Records supplied:
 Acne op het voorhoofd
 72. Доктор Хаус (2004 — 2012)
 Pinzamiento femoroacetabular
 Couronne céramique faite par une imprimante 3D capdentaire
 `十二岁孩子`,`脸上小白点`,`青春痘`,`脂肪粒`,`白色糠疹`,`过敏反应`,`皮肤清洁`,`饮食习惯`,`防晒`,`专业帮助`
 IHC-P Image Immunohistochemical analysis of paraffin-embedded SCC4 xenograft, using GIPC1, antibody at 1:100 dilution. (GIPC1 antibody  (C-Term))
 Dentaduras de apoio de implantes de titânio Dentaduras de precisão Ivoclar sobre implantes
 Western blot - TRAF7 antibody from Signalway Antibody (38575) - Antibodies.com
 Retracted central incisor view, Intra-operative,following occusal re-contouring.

* * *

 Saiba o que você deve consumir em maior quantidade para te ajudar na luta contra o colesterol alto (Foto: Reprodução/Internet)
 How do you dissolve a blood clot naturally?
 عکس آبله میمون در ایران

Problem statement: Which lines of the records above contain the word "antibody"? Copy each of them.

Result for this exercise:
 IHC-P Image Immunohistochemical analysis of paraffin-embedded SCC4 xenograft, using GIPC1, antibody at 1:100 dilution. (GIPC1 antibody  (C-Term))
 Western blot - TRAF7 antibody from Signalway Antibody (38575) - Antibodies.com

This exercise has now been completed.